They say if you play with fire you'll get burned. My hubby got Mr. Account executive fired for he was already stalking and harassing me. He wanted to visit me to turn our fantasies into reality. Hubby got jealous and said no. Mr. Account executive offered to pay us and bring his female friend, who was also a porn star, to have an orgy with us. Mind you, I was very game because they really are beautiful people, like hollywood movie stars. But my hubby hates people who don't respect his feelings so he let the production company know about the indecent proposal. So they got me another Account Executive and still the same thing happened, he wanted to taste me together with his other co-workers there and would plan to come to Manila to see me.

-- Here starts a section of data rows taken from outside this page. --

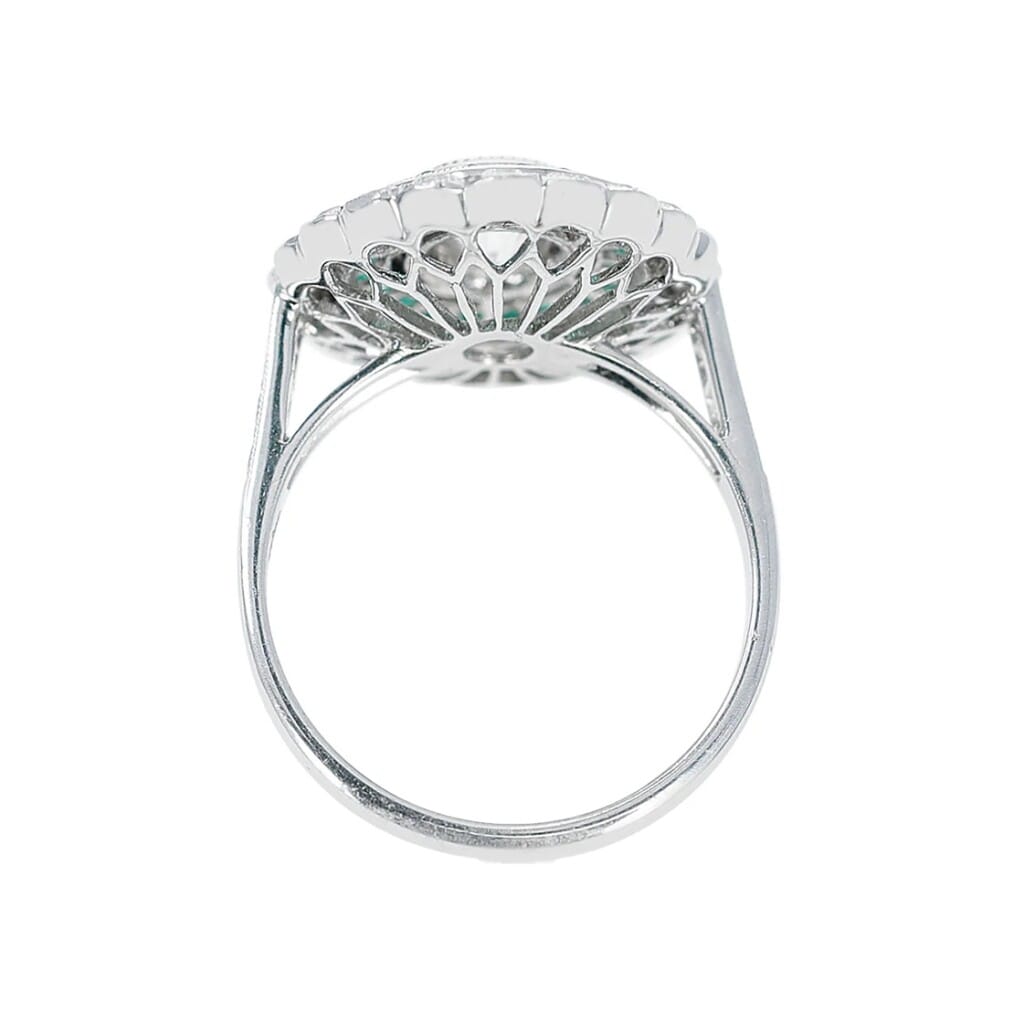 Vintage Platinum, Emerald and Diamond Ring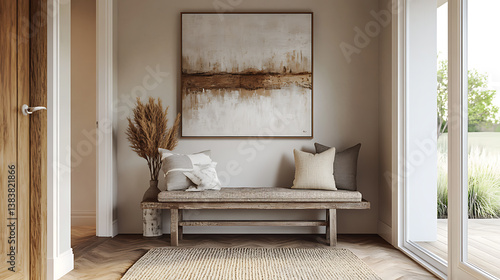 French country, rustic interior design of modern bedroom in farmhouse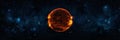 Panoramic View Of The Sun, Star And Galaxy. The Sun Shines In Space. A Wide View Of The Sun And Stars From Space. Concept On The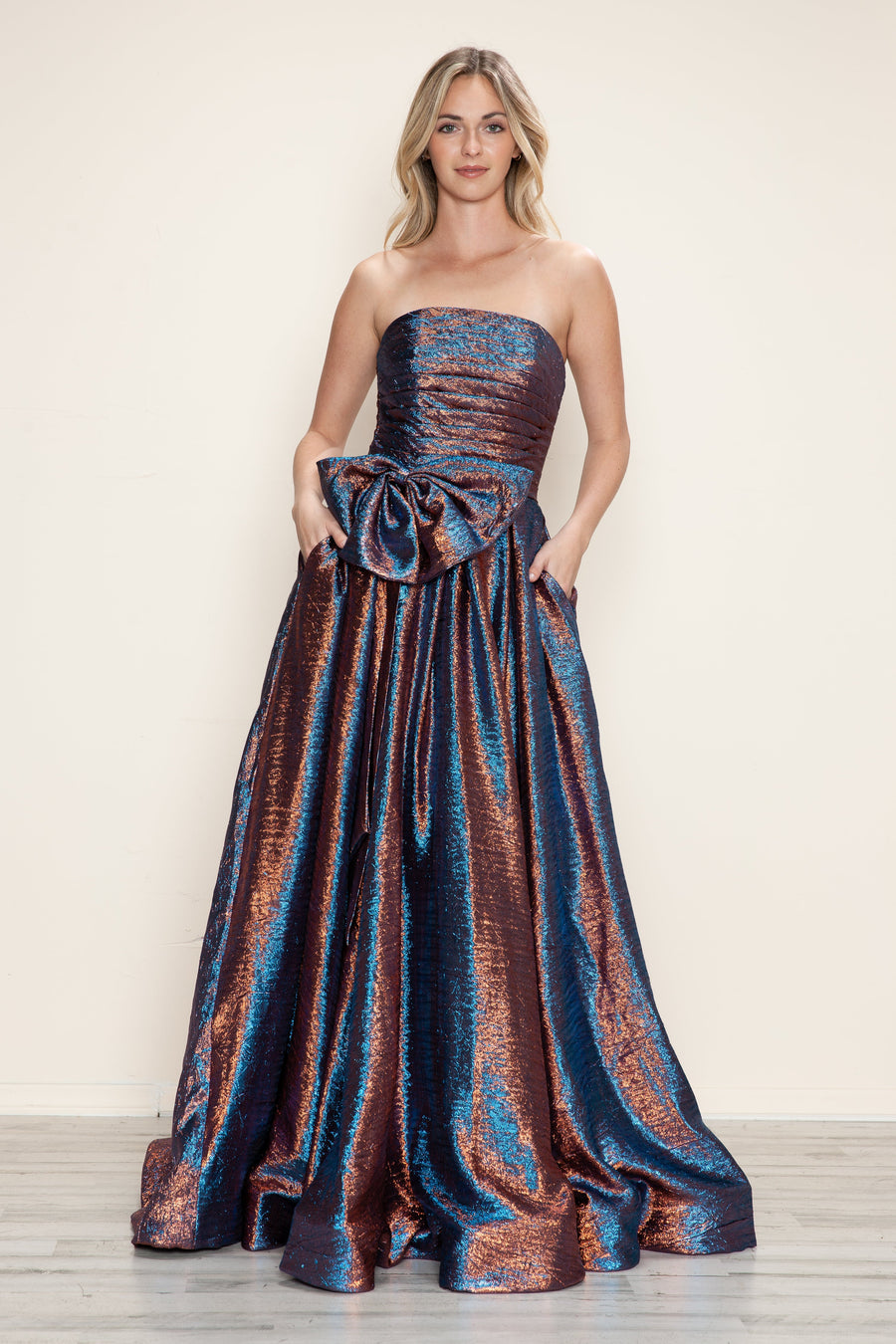 Prom Dresses  Metallic Long Formal A Line Prom Dress Turquoise/Bronze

Even the Casting Director came to Manila last week and was asking for me. They have a thing for tall and gaunt Filipinas with 3 kids. It was really mind-boggling. And I in turn was drooling over herculean foreigners with big packages. It was a scary deal and one battle that I was almost losing. I was consumed by demons of lust and it was ruining my relationship with the Lord. I would wake up each day with an insatiable hunger for sex and would perform sex acts on the webcam while chatting with porn stars. It was an addiction and I have been possessed by an incubus that is tainting my heart and my soul.



If I found the time to pray in between my sexual cravings I would ask God to save me from my dark addictions. Deep inside I knew this was wrong but it felt so good and it was an effective way of distracting me from my financial problems. It was a form of rebellion on my part because I was very lonely and angry of what has become of my family. I had to leave my kids in the custody of my in-laws because we can't afford to send them to school here in the city. And being separated from my children is like half of me has died. It is very painful as a mother but I had to do what I had to do. And in sheer panic I was willing to sell even my body just so that I could afford to be with them and not worry about money ever again.


I'm not sure what God has planned for me and why I had to suffer. I thought at the time that the porn production was an opportunity to solve all my family problems. And I wanted all my financial problems to end. But like Pandora's box, it opened up to bigger problems than solutions. It led to dark addictions, ugly arguments and wasted energy. I guess I had to undergo some sort of purification in order to strengthen my relationship with the Lord and with my husband. And this ordeal has taught me how much I love my husband and how much he loves me back. No matter how good one's intentions are, the means doesn't justify the end.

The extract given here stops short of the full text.